▸ TASK GOAL
Below are records; work out how many of their lines hold the string "abstract" and give that number alone.

▸ Short web captions

━━━━━━━━━━

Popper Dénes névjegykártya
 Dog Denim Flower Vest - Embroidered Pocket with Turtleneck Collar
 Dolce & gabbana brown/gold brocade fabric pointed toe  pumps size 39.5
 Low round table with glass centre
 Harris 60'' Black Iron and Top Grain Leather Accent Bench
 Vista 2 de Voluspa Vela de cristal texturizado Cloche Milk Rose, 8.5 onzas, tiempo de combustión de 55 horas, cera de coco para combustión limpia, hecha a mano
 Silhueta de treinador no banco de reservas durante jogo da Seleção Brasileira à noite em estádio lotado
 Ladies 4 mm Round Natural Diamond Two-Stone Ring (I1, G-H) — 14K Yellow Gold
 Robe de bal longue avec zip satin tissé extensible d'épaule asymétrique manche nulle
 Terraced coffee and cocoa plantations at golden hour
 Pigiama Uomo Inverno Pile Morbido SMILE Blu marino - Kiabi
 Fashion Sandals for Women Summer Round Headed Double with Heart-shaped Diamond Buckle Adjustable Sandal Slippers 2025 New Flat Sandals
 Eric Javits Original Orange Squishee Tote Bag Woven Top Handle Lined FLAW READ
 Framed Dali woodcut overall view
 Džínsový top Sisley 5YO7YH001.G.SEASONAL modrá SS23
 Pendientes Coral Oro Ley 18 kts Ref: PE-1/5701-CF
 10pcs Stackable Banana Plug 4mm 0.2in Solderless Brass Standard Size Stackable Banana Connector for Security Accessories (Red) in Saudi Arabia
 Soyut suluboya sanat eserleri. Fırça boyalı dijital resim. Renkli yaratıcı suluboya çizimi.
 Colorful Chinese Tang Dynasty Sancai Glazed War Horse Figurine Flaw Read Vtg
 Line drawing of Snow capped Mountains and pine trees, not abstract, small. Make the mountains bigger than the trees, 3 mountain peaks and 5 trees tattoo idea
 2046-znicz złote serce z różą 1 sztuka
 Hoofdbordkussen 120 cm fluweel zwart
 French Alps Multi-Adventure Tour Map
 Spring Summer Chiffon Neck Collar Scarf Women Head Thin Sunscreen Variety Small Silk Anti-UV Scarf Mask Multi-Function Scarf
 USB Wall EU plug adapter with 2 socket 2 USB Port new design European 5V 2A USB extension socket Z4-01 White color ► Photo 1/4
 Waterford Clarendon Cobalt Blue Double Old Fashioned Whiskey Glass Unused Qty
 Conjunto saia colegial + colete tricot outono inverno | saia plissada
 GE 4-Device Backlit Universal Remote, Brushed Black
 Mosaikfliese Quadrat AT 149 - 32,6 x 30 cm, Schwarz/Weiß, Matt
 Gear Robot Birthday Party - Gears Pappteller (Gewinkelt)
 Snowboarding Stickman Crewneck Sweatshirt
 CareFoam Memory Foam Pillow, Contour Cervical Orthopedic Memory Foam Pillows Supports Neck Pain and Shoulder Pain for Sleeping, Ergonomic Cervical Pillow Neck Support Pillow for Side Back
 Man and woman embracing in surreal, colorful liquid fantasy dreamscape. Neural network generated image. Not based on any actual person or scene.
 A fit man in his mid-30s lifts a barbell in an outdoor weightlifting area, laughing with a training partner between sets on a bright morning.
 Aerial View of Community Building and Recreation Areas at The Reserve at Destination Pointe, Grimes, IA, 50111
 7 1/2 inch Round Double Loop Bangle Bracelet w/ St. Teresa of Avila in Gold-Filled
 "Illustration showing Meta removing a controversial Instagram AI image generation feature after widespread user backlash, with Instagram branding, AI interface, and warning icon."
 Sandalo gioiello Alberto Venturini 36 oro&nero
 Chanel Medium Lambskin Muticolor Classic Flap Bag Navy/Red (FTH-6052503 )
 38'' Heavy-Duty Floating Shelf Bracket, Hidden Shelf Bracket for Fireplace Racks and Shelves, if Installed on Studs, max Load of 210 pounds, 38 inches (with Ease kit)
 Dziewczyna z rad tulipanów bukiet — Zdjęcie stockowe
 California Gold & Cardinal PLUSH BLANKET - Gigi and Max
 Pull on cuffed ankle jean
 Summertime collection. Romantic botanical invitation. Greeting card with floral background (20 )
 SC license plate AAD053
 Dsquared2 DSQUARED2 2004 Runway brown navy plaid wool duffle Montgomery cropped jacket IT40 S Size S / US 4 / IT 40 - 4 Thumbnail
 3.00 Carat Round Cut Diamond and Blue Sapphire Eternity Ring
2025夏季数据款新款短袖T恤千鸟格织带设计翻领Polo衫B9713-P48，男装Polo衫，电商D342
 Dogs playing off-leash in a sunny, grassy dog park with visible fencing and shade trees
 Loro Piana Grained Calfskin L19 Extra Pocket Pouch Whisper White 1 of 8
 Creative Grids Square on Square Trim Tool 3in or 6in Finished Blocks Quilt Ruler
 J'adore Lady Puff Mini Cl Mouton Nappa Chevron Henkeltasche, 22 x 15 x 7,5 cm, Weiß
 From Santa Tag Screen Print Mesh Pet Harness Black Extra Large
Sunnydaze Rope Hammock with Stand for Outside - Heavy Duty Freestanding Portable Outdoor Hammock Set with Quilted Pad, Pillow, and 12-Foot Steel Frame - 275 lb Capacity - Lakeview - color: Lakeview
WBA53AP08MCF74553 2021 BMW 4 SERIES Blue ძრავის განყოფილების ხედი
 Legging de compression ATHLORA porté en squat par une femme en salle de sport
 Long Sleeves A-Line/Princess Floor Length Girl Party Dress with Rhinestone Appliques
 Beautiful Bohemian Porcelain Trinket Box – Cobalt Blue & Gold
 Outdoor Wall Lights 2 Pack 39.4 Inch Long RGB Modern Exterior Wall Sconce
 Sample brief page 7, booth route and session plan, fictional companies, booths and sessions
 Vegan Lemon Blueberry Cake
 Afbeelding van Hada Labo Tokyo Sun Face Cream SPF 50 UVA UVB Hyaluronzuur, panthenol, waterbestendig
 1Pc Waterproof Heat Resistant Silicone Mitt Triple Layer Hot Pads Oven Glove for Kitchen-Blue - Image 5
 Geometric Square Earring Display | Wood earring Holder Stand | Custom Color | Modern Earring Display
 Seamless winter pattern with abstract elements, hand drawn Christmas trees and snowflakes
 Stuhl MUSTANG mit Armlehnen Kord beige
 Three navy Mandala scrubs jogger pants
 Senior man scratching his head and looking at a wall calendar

━━━━━━━━━━

▸ ANSWER BELOW
2